I think the best fix would be to start out discussing integral domains, and then discuss the more general case of a pseudo-ring later in the article, especially since AFAICT the field of fractions of a pseudo-ring which is not a ring doesn't necessarily contain the pseudo-ring, contrary to the assertion that it is "the smallest field in which it can be embedded". Thoughts? ciphergoth (talk) 13:15, 1 March 2010 (UTC)[reply]

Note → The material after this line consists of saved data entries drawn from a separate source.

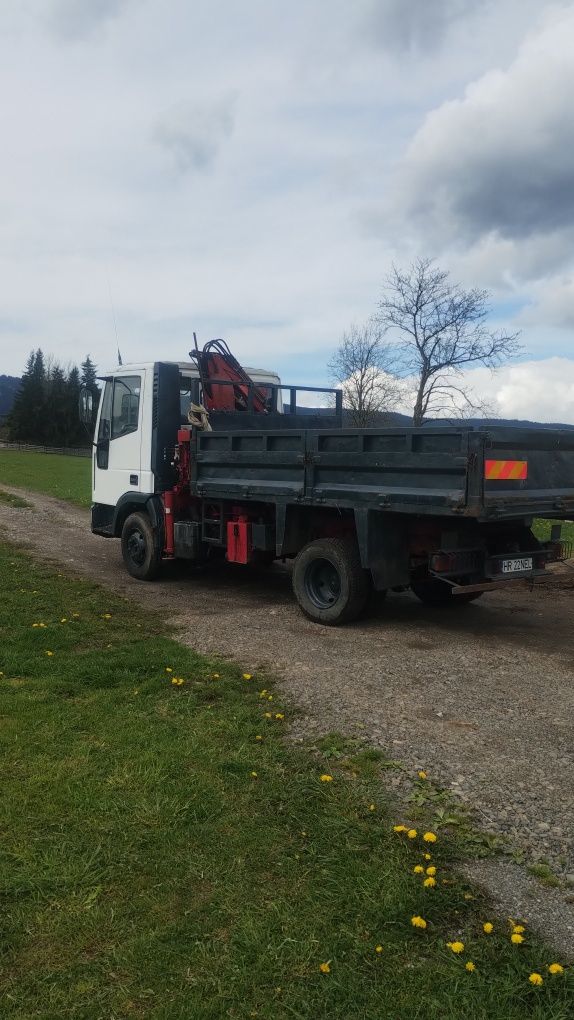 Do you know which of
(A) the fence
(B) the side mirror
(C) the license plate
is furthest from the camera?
(A) the fence

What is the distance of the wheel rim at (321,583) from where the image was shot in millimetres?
8023

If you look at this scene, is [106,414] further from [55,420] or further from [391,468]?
[55,420]

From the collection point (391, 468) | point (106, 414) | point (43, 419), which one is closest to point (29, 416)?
point (43, 419)

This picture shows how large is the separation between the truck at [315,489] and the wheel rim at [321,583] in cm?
Answer: 1

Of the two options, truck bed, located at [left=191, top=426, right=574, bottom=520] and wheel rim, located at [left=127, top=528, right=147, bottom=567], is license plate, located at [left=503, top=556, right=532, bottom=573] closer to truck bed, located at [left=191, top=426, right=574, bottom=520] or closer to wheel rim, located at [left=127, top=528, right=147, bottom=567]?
truck bed, located at [left=191, top=426, right=574, bottom=520]

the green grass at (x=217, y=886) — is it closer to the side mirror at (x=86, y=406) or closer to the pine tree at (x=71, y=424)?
the side mirror at (x=86, y=406)

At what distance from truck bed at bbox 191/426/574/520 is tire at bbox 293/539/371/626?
1.66ft

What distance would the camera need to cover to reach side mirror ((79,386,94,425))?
10.7 metres

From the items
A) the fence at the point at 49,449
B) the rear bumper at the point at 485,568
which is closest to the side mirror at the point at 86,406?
the rear bumper at the point at 485,568

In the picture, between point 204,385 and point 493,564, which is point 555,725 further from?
point 204,385

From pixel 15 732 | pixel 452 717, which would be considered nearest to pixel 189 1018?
pixel 15 732

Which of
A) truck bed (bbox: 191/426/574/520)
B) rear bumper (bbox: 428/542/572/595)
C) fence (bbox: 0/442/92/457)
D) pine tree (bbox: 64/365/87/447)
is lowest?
rear bumper (bbox: 428/542/572/595)

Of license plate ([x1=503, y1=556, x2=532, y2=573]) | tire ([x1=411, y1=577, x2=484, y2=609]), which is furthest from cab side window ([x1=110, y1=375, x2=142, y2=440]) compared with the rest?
license plate ([x1=503, y1=556, x2=532, y2=573])

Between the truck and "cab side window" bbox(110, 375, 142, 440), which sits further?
"cab side window" bbox(110, 375, 142, 440) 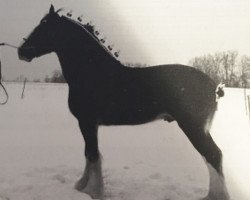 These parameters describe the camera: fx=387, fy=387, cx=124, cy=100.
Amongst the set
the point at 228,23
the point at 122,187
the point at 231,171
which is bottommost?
the point at 122,187

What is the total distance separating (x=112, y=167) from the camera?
2482mm

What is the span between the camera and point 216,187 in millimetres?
2270

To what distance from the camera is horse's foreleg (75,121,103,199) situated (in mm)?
2354

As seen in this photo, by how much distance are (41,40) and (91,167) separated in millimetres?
869

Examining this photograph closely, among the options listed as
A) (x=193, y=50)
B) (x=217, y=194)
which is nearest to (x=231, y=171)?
(x=217, y=194)

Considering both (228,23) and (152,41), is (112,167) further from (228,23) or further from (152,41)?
(228,23)

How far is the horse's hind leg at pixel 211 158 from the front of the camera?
225 centimetres

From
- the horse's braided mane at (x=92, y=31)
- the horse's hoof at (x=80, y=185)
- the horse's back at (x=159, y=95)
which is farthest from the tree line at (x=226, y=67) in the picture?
the horse's hoof at (x=80, y=185)

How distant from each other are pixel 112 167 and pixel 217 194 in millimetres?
670

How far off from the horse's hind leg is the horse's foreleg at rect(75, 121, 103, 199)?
576mm

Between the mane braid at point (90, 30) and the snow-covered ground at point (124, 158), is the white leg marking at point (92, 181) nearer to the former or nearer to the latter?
the snow-covered ground at point (124, 158)

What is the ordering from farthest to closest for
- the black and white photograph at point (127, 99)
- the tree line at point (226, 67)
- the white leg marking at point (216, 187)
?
1. the tree line at point (226, 67)
2. the black and white photograph at point (127, 99)
3. the white leg marking at point (216, 187)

In wiki, it is currently the convention that rings have identity. Also, as a matter of clarity, I think the first sentence should have "a zero-divisor free commutative ring with more than one element" replaced by "an integral domain". Then use the second sentence to say basically what it already says and explain that the field of fractions can be defined in a slightly more general context. Because the fact of the matter is most people coming to this article will be looking for the word "integral domain", and everybody else can wait until the second sentence to see the more general context. RobHar (talk) 14:59, 1 March 2010 (UTC)[reply]

I suggest we write "field of quotients of an integral domain with or without identity." The ring convention is I think flexible enough to handle a contrast, because it's meant to set the implicit definition. ᛭ LokiClock (talk) 06:58, 10 March 2012 (UTC)[reply]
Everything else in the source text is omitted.